Janssens ambtstermijn omvatte de periode van de verharding van de rassenscheiding tussen de blanke Amerikanen en de Afro-Amerikanen na de afschaffing van de slavernij.[6] De voormalige slaven werden allerminst als gelijken geaccepteerd door hun vroegere meesters. Janssens stichtte daarom voor de Afro-Amerikanen eigen parochies.[7] Maar de onderlinge strijd tussen de christelijke gezindten speelde ook mee. Janssens: "Er is niets in mijn bisdom dat me meer zorgen baart dan onze gekleurde mensen; om te zien wat er door de protestanten wordt gedaan om ze te vangen en hoe vaak ze slagen."[8] Janssens geloofde dat de Afro-Amerikanen alleen door middel van aparte parochies binnen de katholieke kerk zouden blijven en zo hun eigen ontwikkeling zouden vormgeven, net zoals dat het geval was bij de Ierse en Duitse immigranten. In 1895 richtte Janssens St. Katharine's Church op, een eerste parochie voor zwarte katholieken.[9] Kerkbezoek was niet verplicht, maar optioneel.[6] Janssens uitte daarbij de hoop "dat eenieder op een bankje waar dan ook in de kerk kon zitten".[8]

Overlijden

Janssens heeft zijn ambt uitgevoerd tot 1897, het jaar waarin hij, ondanks een zwakke gezondheid, tijdelijk naar Nederland wilde terugkeren. Aan boord van het stoomschip de 'Creole', op weg naar New York, overleed Janssens, 53 jaar oud.[3] Hij zou een zeemansgraf gekregen hebben als een passerend schip, de 'Hudson', zijn lichaam niet had overgenomen en teruggevoerd naar land. Janssens werd begraven in de St. Louis Cathedral te New Orleans.
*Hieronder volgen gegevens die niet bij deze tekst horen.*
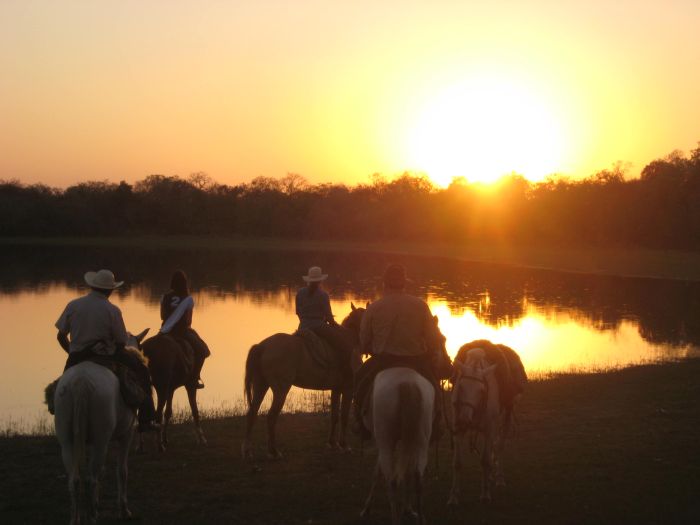 Balade du Pantanal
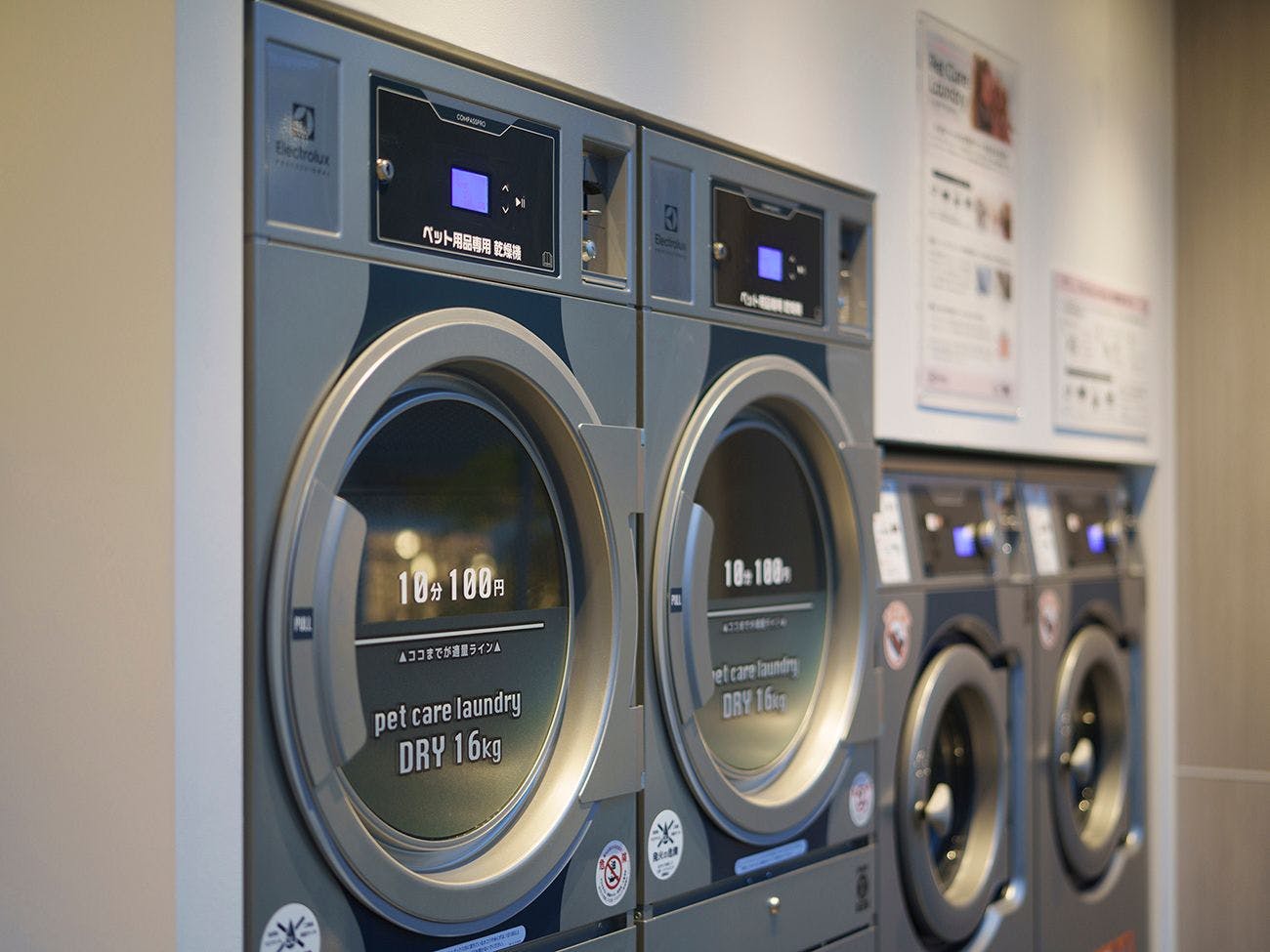 เครื่องล้างสุนัข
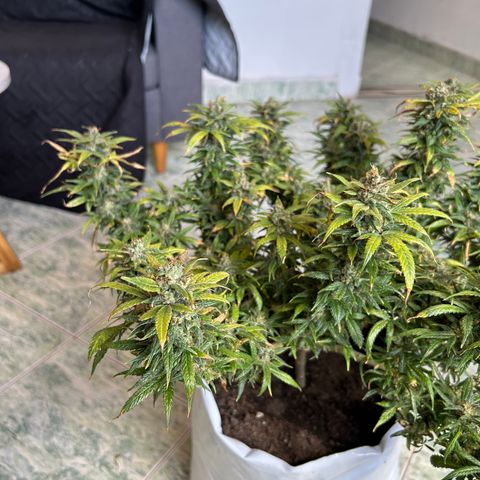 Gorilla glúe growlog timeline photo
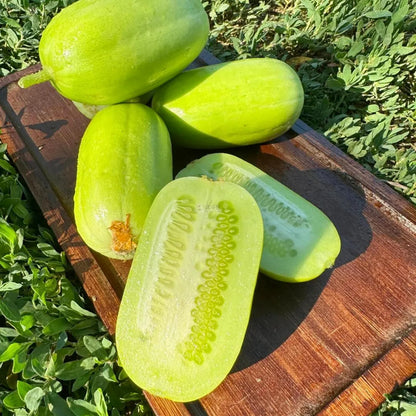 Premium Jade Mini Cucumber Seeds | High Yield | Kitchen Garden Seeds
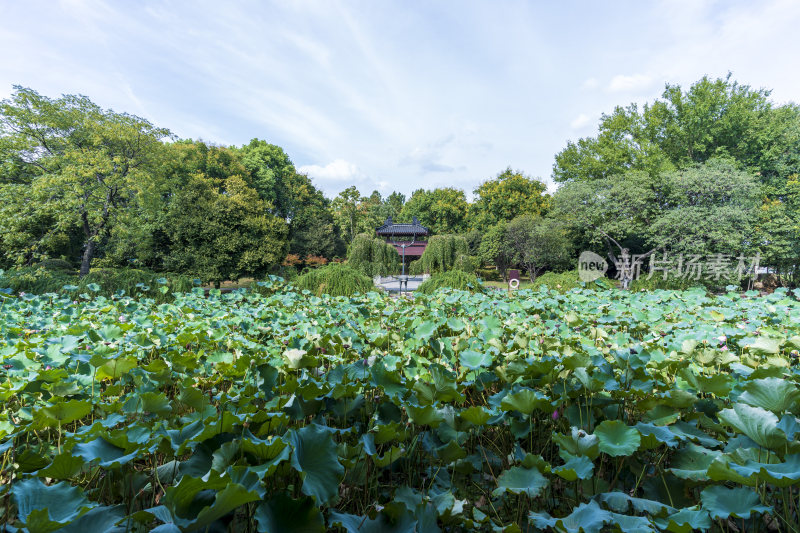 武汉蔡甸汤湖公园生态园林风景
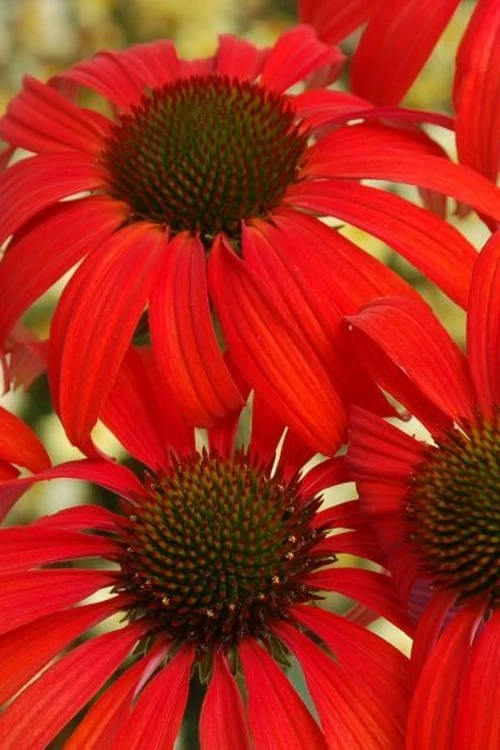 Tomato Soup Coneflower (Echinacea) - 1 Gallon Pot 7 Tomato Soup Coneflower (Echinacea) - 1 Gallon Pot - Image 7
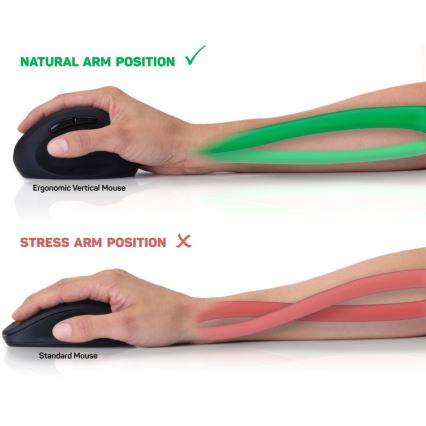 CONNECT IT CMO-2600-BK - Ergonomisk trådlös mus 800/1200/1600 DPI 1xAA svart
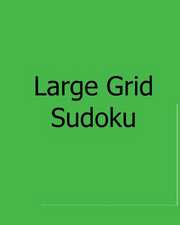 Large Grid Sudoku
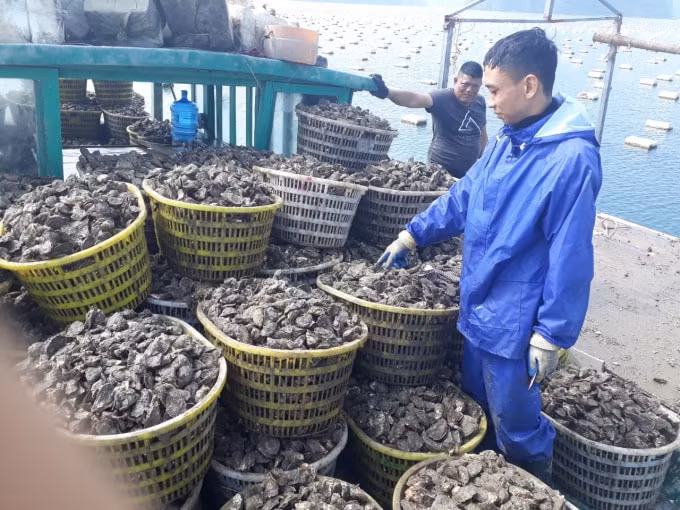 Thu hoạch Hàu sữa đại dương của ngư dân tại huyện Vân Đồn, nguồn hải sản xuất khẩu đang được phát triển tại Quảng Ninh. Ảnh: Nguyễn Quân.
Muzikale erfenis / nagedachtenis

  • Al in zijn opleiding bleek dat Franciscus Janssens een muzikaal talent had. Hij besteedde dan ook veel aandacht aan de koren van de kerken die hij bediende.[5] Een van Janssens' opvolgers, zijn neef Alphons Janssens (1865-1951), vanaf 1900 pastoor te New Orleans, bracht in 1910 de eerste wasrollen met jazzmuziek naar Nederland (die verloren zijn gegaan) en daarna de eerste jazzplaten. Alphons Janssens was de peetoom van jazzpionier Max Goijarts (1907-1975). Bij zijn verschillende bezoeken aan Tilburg enthousiasmeerde Alphons de kleine Max voor deze nieuwe, van gospel afgeleide muziek.[10]
  • De Heuvelse kerk te Tilburg, parochiekerk van de familie Janssens, heeft een marmeren gedenkplaat te zijner nagedachtenis.[7]
  • Tilburg kent ook een Bisschop Janssensstraat, in de 'bisschoppenbuurt' in oud-noord.